Roman Seleznev is known as the son of Russian parliament member Valery Seleznev. He is also known as ‘Track2' in hacking circles and has now been convicted of 38 counts of fraud and theft by a US federal jury who conducted an eight-day trial in Seattle.
The charges against Seleznev junior relate to his thefts of millions of credit card numbers, which he has subsequently sold online across a network of connected fraudsters and con artists. Seleznev was taken into custody in July 2014 (while in in the Maldives) and his laptop contained more than 1.7 million stolen credit card numbers.
Seleznev was convicted after the court considered 10 counts of wire fraud, eight counts of intentional damage to a protected computer, nine counts of obtaining information from a protected computer, nine counts of possession of 15 or more unauthorised access devices and two counts of aggravated identity theft.
According to a United States Department of Justice statement, Seleznev hacked into retail Point-of-Sale (PoS) systems and installed malicious software (malware) to steal credit card numbers from various businesses from a server he operated in Russia.
Forced into bankruptcy
“Many of the businesses were small businesses, some of which were restaurants in Western Washington, including the Broadway Grill in Seattle, which was forced into bankruptcy following the cyber-assault,” details the office of public affairs.
Seleznev operated by ‘bundling' the credit card information he gleaned into groups called ‘bases'. These information packages were then sold as downloadable data on various ‘carding' websites to buyers who would then use the credit card numbers for fraudulent purchases, according to the trial evidence.
Carding sites on the dark cloud
In an earlier post on a related topic, famed cyber-crime investigative journalist Brian Krebs has said that ‘carding sites' hosted on the dark cloud network include Uncle Sam, Scrooge McDuck, Mr. Bin, Try2Swipe, Popeye, and Royaldumps.

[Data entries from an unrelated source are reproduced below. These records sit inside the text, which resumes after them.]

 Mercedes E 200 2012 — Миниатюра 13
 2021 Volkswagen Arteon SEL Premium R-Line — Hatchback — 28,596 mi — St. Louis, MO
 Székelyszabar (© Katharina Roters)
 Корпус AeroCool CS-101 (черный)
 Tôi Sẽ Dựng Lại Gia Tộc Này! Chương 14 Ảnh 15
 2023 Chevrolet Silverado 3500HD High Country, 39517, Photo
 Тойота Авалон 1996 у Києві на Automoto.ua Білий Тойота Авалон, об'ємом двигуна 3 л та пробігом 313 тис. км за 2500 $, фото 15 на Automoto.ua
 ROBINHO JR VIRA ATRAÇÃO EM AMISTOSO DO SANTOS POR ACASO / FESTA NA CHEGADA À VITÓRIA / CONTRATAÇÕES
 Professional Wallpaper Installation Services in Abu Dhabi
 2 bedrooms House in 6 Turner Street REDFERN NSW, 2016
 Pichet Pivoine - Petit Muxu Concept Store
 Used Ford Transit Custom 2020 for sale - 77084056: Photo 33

“[They all] share the same or very similar site designs. All of them say that customers can look up available cards for sale at the site, but that purchasing the cards requires first contacting the proprietor of the shops directly via instant message,” writes Krebs.
Other key sources of fraudulent activity of this kind include ‘Swiped', which has operating since 2008 and has been able to steal data from millions of credit cards of major financial institutions.
“Credit card dumps are stolen with the use of skimming hardware, or by infecting POS terminals with special Trojans (Dexter, BlackPOS, JackPOS, Alina, etc). Credit card text information gets into the wrong hands when e-commerce web resources or infected computers are directly compromised using form grabbers,” explains Ilya Sachkov, CEO and founder of Group-IB in a report written in 2014.
Another ‘usual suspect' in the stolen data market is Alphabay Market. This online source appeared on the dark net operating on the Tor network and was pre-launched in November 2014 and officially launched on December 22, 2014. Alphabay has been linked with reports of stolen Uber accounts, hacks at TalkTalk and the wider market for stolen pharmaceutical drugs.
According to an original report on ArsTechnica, Seleznev will be sentenced December 2nd 2016 and his lawyer has told Reuters that his client faces a mandatory minimum of four years of jail time.